Las matemáticas ¿proceden de la realidad o, por el contrario, la realidad procede de las matemáticas? Acabo de leer las últimas ocurrencias de los partidarios de las cuerdas. Tropiezan con un obstáculo en su afán de ser la última explicación de lo último. Antes de las cuerdas tiene que existir un espacio-tiempo donde se cimbreen. La teoría que explique la aparición del espacio-tiempo será, por lo tanto, más fundamental que la teoría de cuerdas. Ya ha aparecido. Se llama «teoría de la gravedad cuántica de bucles». Que pena que no se me haya ocurrido a mí tan epatante nombre. Hasta donde la entiendo –que posiblemente no es mucho–dice que el espacio-tiempo puede emerger de las ecuaciones físicas. En el principio fue la matemática. Estoy en mi terreno, la filosofía. Hace medio siglo, John Wheeler, un reputado físico, se preguntó si la sustancia última de la realidad sería un conjunto de proposiciones lógicas. La pregunta no es un disparate. Tras el Big Bang inicial, la materia comenzó a desplegarse obedeciendo las leyes de la Física. El parto de las constelaciones siguió un manual de obstetricia estelar. Estuvo sometido a la ley. ¿O no? Tal vez las leyes se crearan en el parto. Hablando en plata: ¿la materia evolucionó de acuerdo a leyes anteriores a la materia o un modo casual de evolución produjo las leyes? Si las leyes son anteriores a todo, admitimos un mundo platónico de ideas, lo que siempre ha tentado a los matemáticos. Más aún, llegamos a San Agustín, que pensó, con toda razón, que esas ideas –las ecuaciones básicas, diríamos ahora– las tuvo que pensar una inteligencia, es decir, un Dios. Dios no necesitaba enfangarse en crearla materia, sólo tenía que pensar las ecuaciones fundamentales, que, de acuerdo con la teoría de la gravedad cuántica de bucles, darían lugar al espacio-tiempo y a la energía y a la materia y al helado de vainilla, si me apuran. El tiempo es un pañuelo.

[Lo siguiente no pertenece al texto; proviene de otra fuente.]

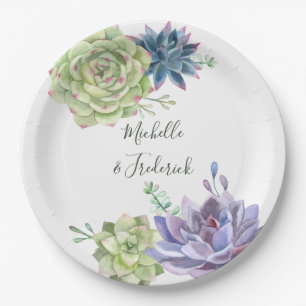 Assiettes En Carton Mariage aux cactus succulents de désert aquarelle
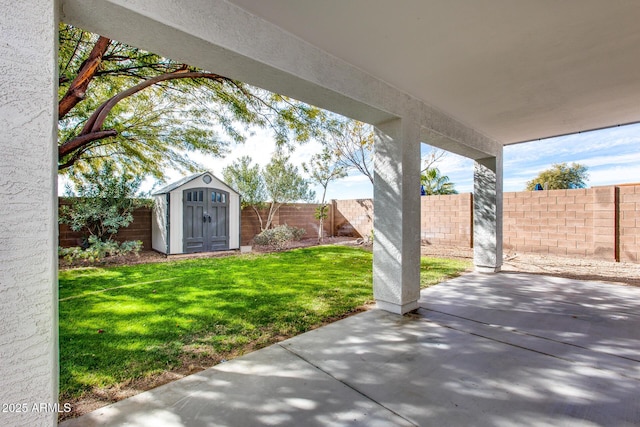 view of patio / terrace featuring a storage unit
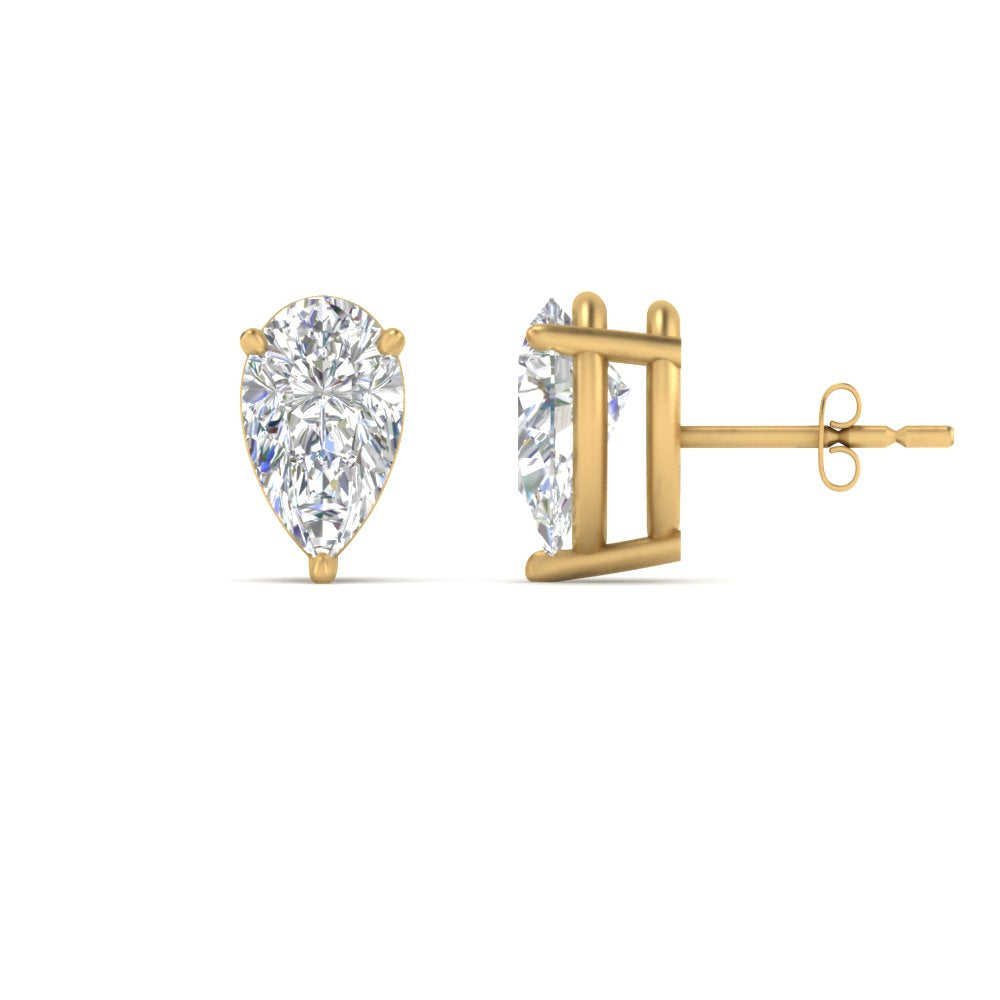 Diamond Pear Cut 3 Prong Earring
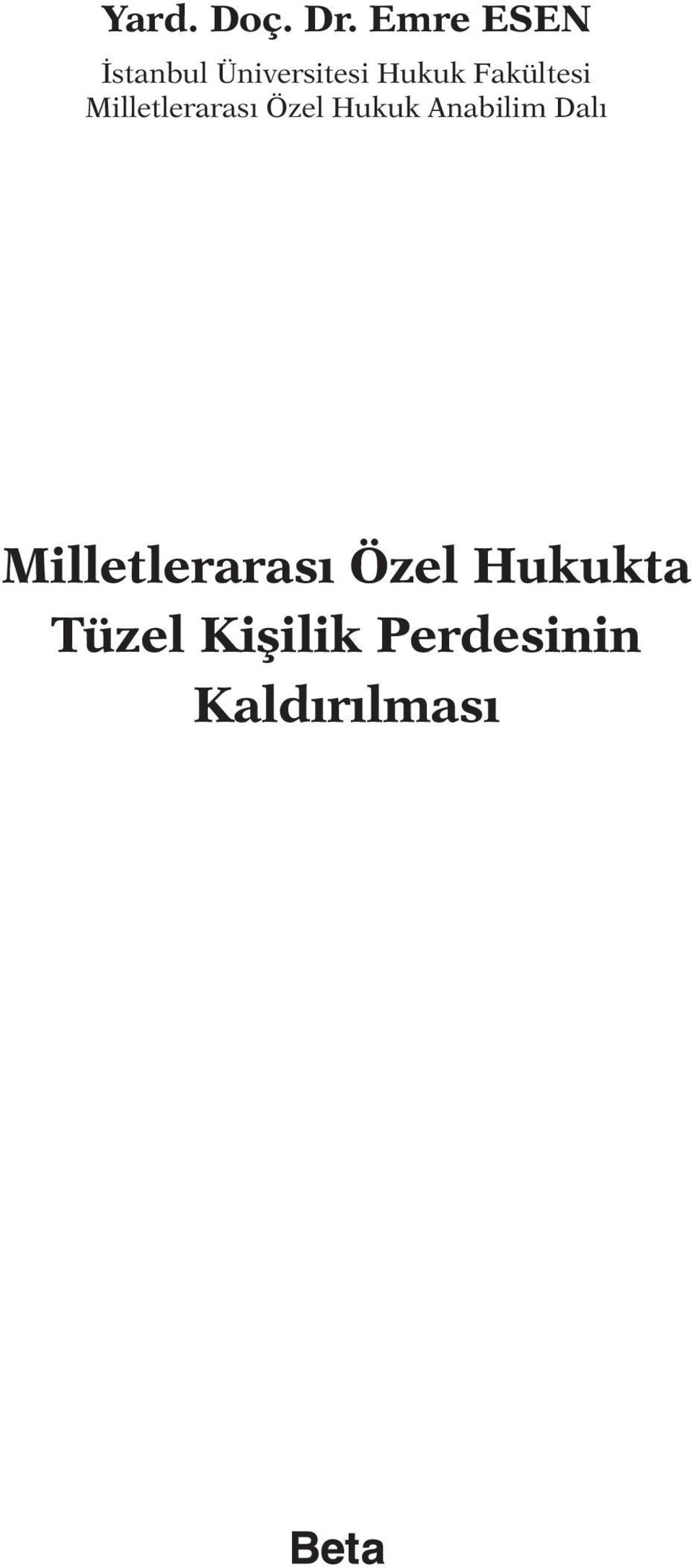 Fakültesi Milletlerarası Özel Hukuk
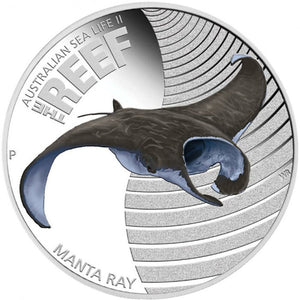 2012 - 50 CENT PURE SILVER COIN AUSTRALIAN SEA LIFE II - THE REEF: MANTA RAY (PERTH MINT)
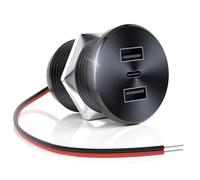 GIBBAB 72W RV USB Outlet All-Aluminum 12V/24V 3 Ports Recessed Wall Mount | 36W PD3.0 Type-C + 2*18W QC3.0 Fast Charging Socket, Car Charger Cigarette Lighter Replacement for Camper Trailer Boat Van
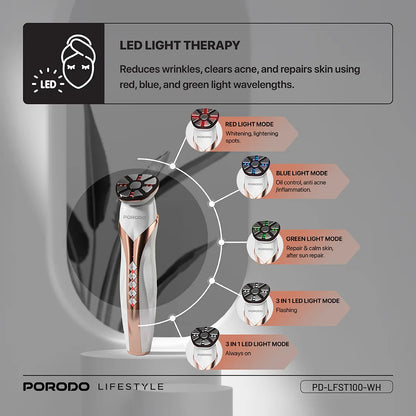 Porodo Lifestyle RF & EMS Vibration Light Therapy Device – Multi-Function Facial Beauty & Skincare Device
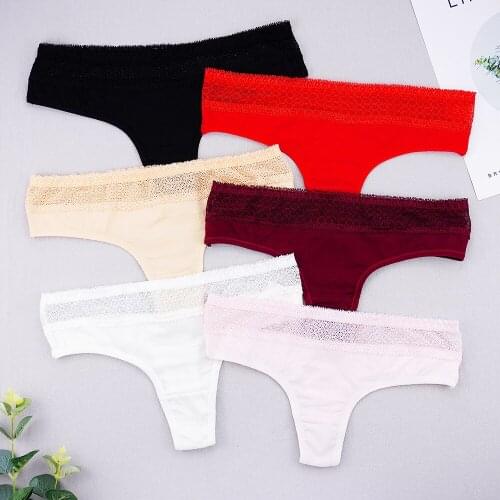 3 Pcs Lot Sexy G String Thongs Cotton Panties for Ladies Lingerie Femme Low Waist Seamless Lace Solid Color Underwear Women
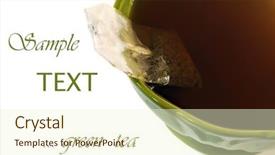  Presentation with brewed - Presentation theme with abstract macro of green teacup with freshly brewed green tea and teabag as seen from above on white background with copy space background and a cream colored foreground
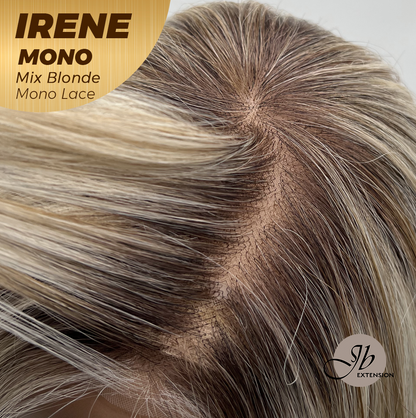 JBEXTENSION IRENE MONO Monofilament Handmade Wig 6X5 Full Monofilament Hand Tied Top Wig 19 Inches Mix Blonde Curly Mono Lace Wig With Anti-slip Silicone Strips Glueless Wig IRENE MONO MIX BLONDE【BENDY EAR TABS】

«Scientific American» ha seleccionado los investigadores más destacados del 2003. El triunfador es Roderick MacKinnon, por sus estudios sobre la estructura y función de los canales de iones, en especial de los canales de potasio. No haga un mohín de desprecio. Usted puede leer esto gracias a sus canales de potasio. Siento descubrirle que está agujereado por esta fontanería química, pero es a nivel molecular, o sea, que no se nota. Sus neuronas necesitan de esos canales iónicos. Son unos tubitos–hablando en plan pedante son unas proteínas– que permiten el paso de hasta a cien mil iones por segundo, lo que pone en marcha todo el tráfico neuronal que nos mantiene vivos. La neurología vive en perpetuo sobresalto. Cuando consigue abrir una puerta, se tropieza con otra puerta cerrada. Al principio se pensó que el sistema nervioso era una red eléctrica sin fisuras. Las neuronas estarían unidas como la red de su casa, por contacto. Si un cable se rompe, la electricidad no pasa. No tardó en descubrirse que las neuronas no se conectaban, que estaban separadas por un «espacio intersináptico», y que ese espacio lo salvaban unas sustancias llamadas «neurotransmisores». La física de la electricidad llamaba en su auxilio a la química de los neurotransmisores. ¡Qué complicación!

Pero no era suficiente. ¿Cómo podía un neurotransmisor volver a generar un impulso nervio-so? Aparecieron en el escenario, bajo los focos, los canales iónicos. A mí, esto me parece desesperadamente fascinante. ¿Y a usted?